- _Work instruction_
Omit all images, then repeat exactly the lines below from the one containing "ASMR Face Massage" through the one containing "Jennifer Begay ,Native", both ends included.

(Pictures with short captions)
+++

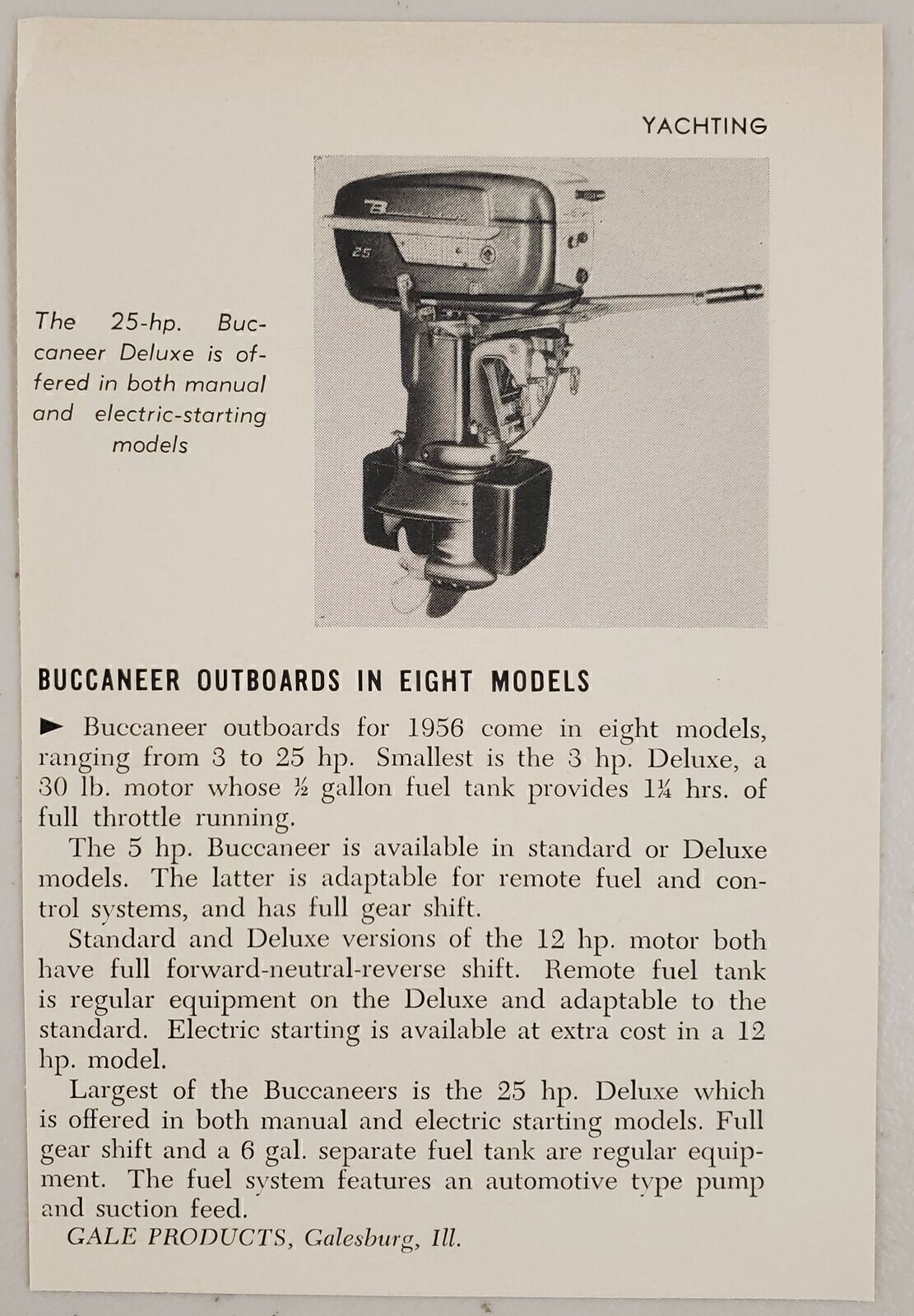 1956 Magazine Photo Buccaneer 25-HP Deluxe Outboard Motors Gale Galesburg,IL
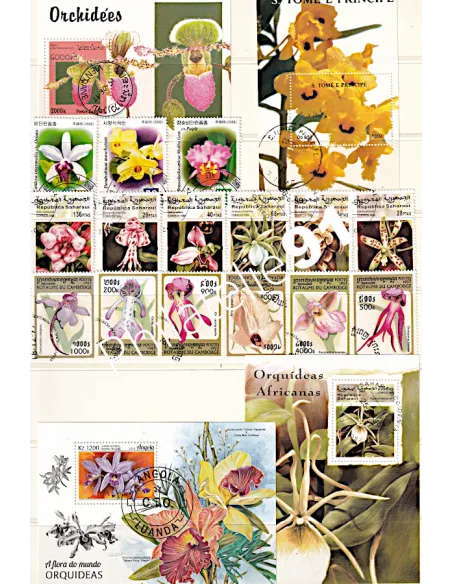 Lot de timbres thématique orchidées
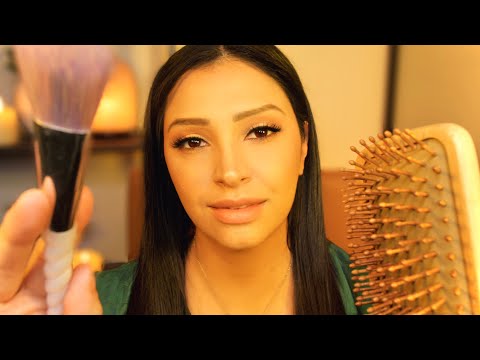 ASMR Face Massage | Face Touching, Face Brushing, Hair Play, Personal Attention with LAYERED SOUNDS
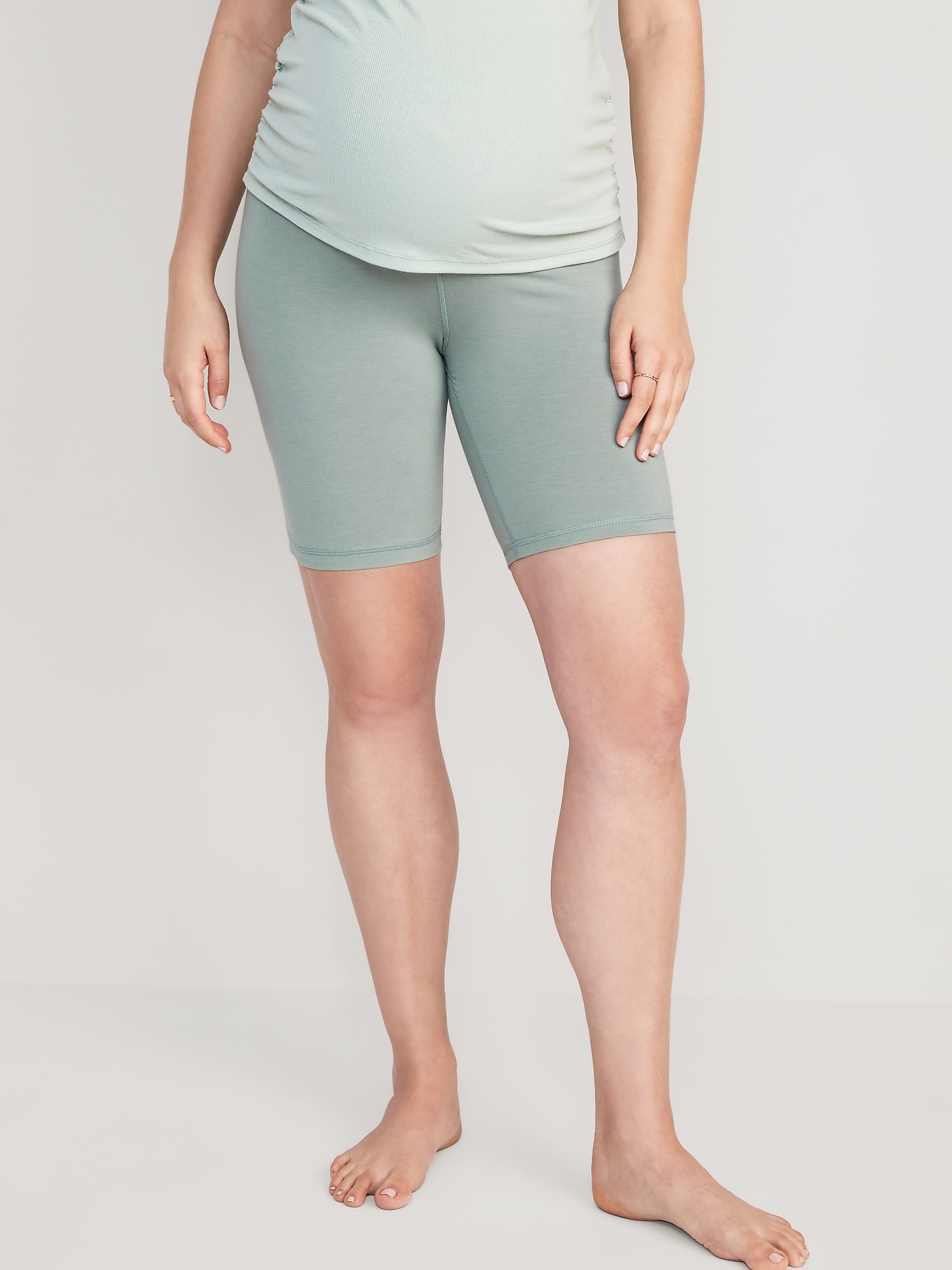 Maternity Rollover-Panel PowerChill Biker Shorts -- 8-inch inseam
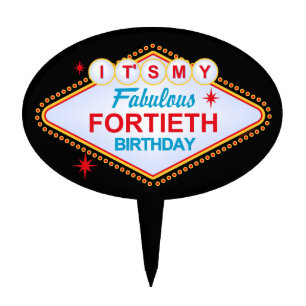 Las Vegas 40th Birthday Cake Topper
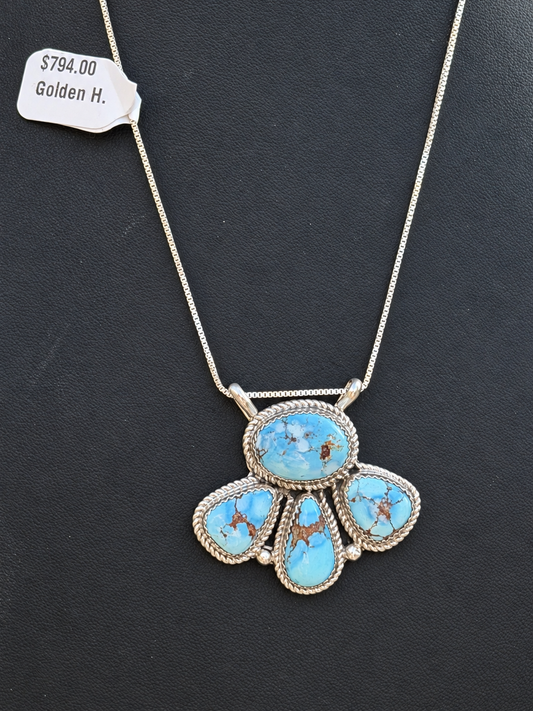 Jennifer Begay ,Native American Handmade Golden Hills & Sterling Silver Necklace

+++

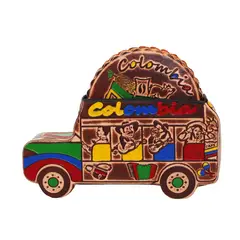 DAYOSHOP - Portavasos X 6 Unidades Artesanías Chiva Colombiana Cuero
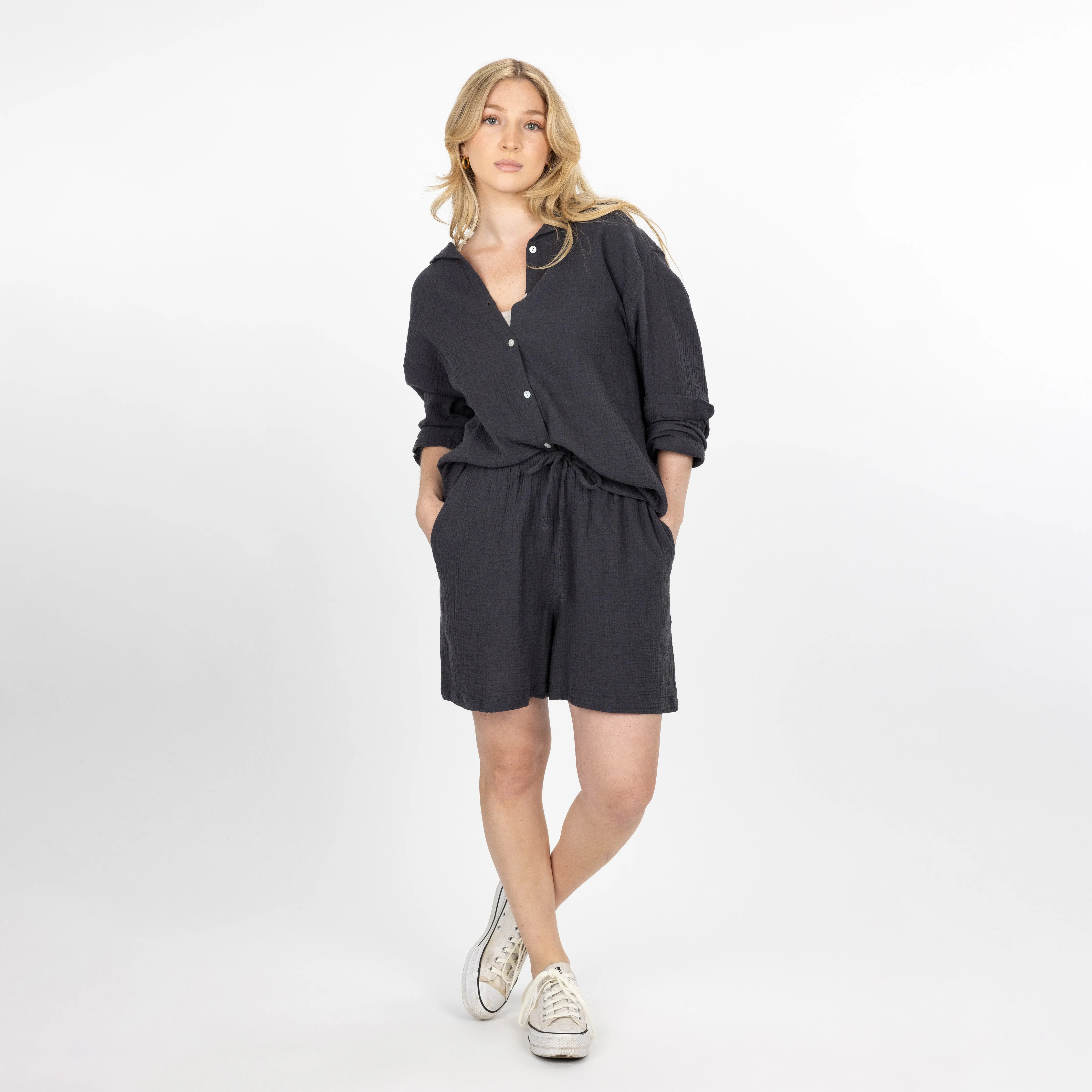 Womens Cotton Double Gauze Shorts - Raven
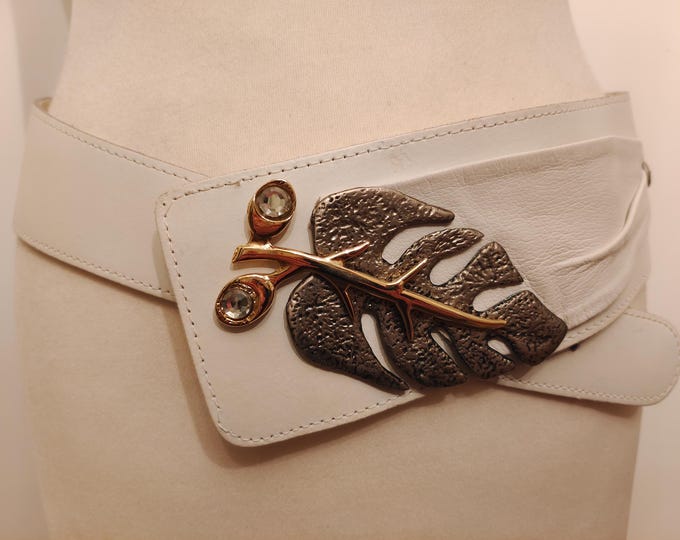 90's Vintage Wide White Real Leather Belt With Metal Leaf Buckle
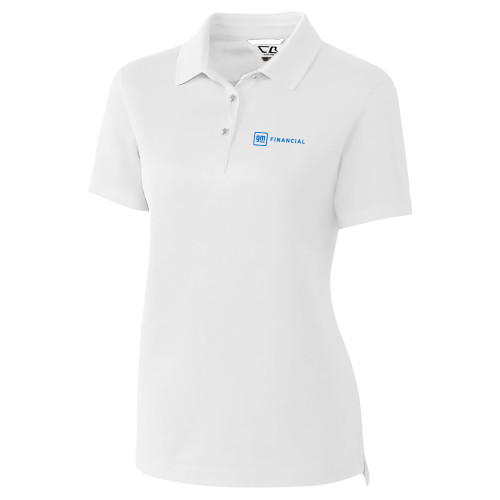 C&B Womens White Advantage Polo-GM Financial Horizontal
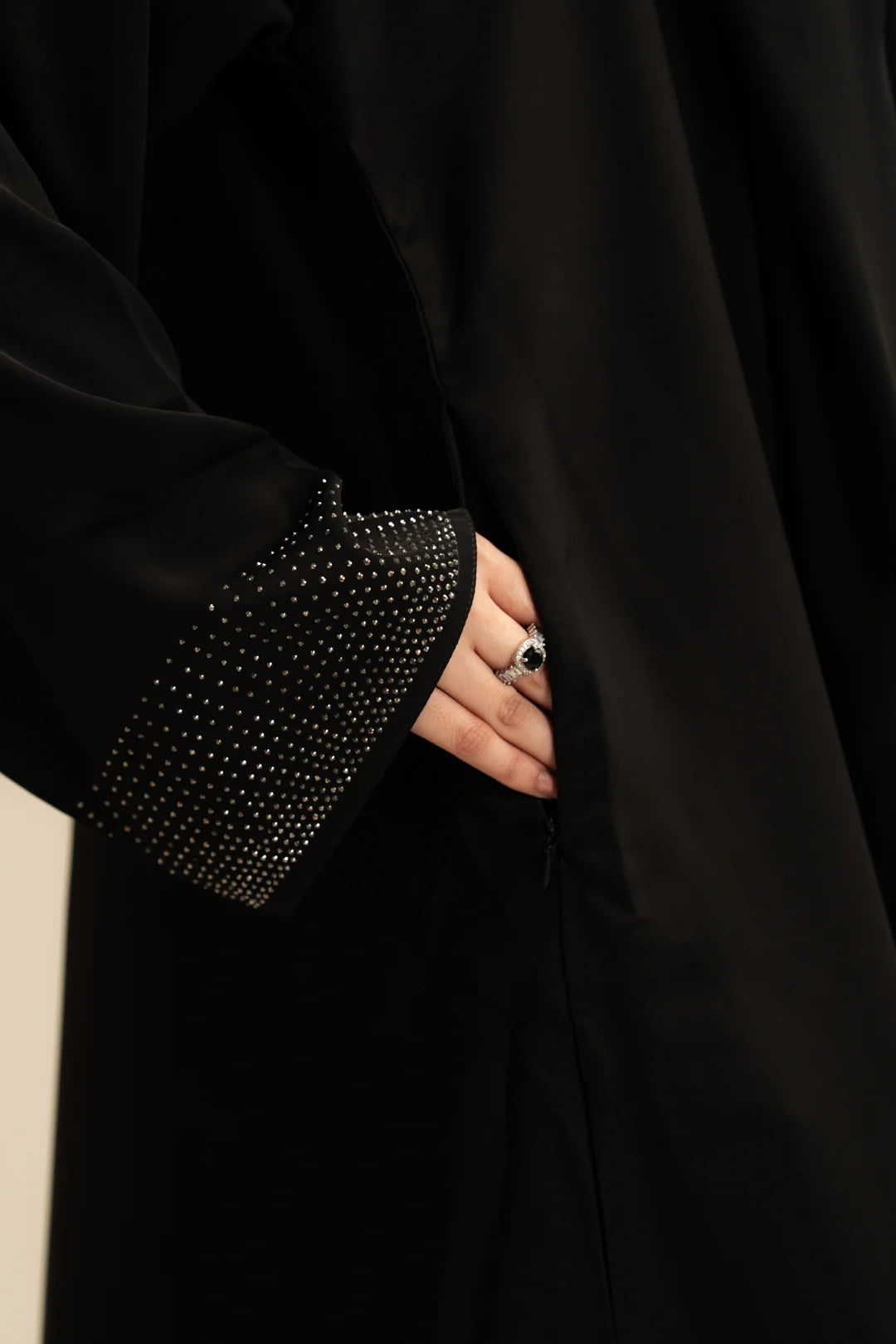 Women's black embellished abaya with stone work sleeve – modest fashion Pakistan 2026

+++

- _Task output_
 ASMR Face Massage | Face Touching, Face Brushing, Hair Play, Personal Attention with LAYERED SOUNDS
 Maternity Rollover-Panel PowerChill Biker Shorts -- 8-inch inseam
 Las Vegas 40th Birthday Cake Topper
 Jennifer Begay ,Native American Handmade Golden Hills & Sterling Silver Necklace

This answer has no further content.